DATASET CONTENT>
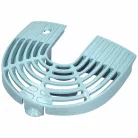 Gorenje porszívó szűrőrács, 140x135x19 mm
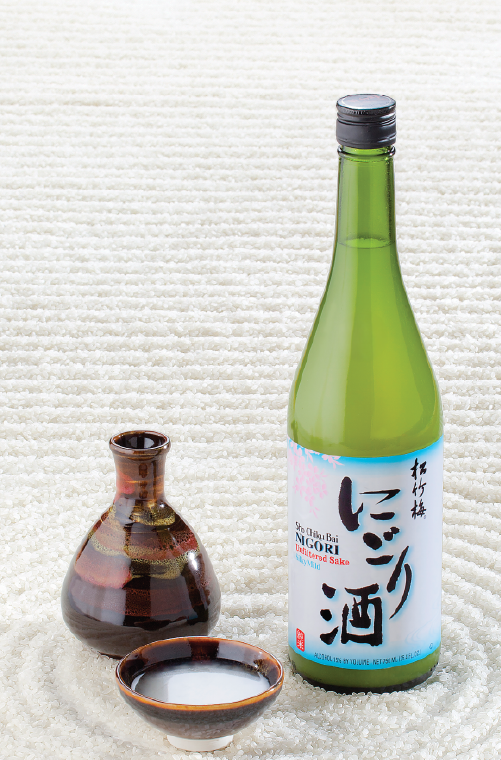 Nigori Silky Mild Sweet Creamy Sake - Sho Chiku Bai – Takara Sake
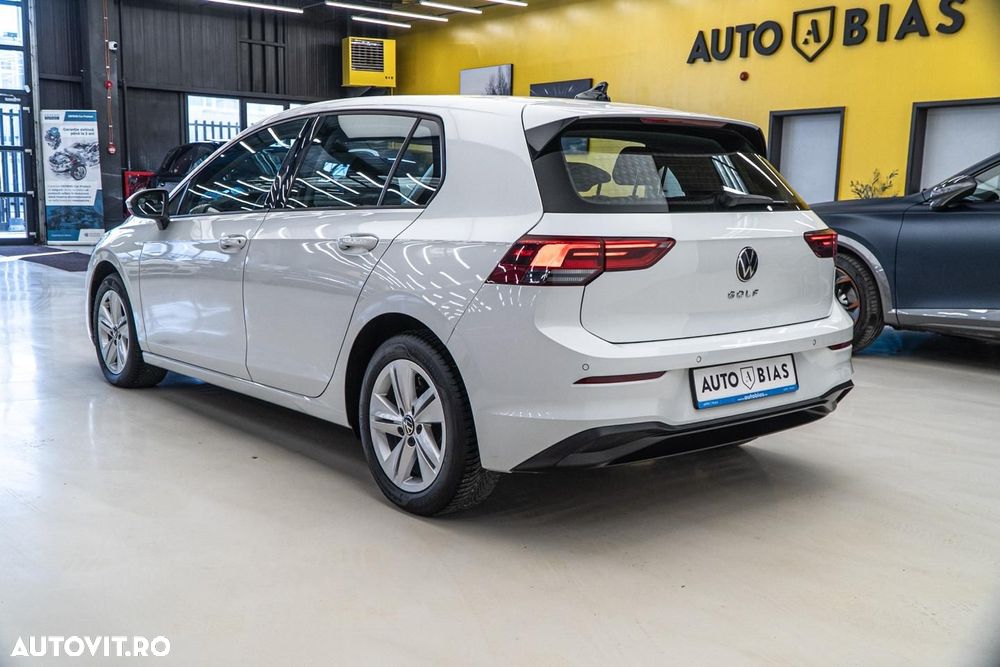 Volkswagen Golf 1.0 TSI (BlueMotion Technology) Comfortline - 5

EXERCISE DESCRIPTION>
Leave out all pictures, then copy the remaining material exactly.

WRITTEN RESPONSE>
 Gorenje porszívó szűrőrács, 140x135x19 mm
 Nigori Silky Mild Sweet Creamy Sake - Sho Chiku Bai – Takara Sake
 Volkswagen Golf 1.0 TSI (BlueMotion Technology) Comfortline - 5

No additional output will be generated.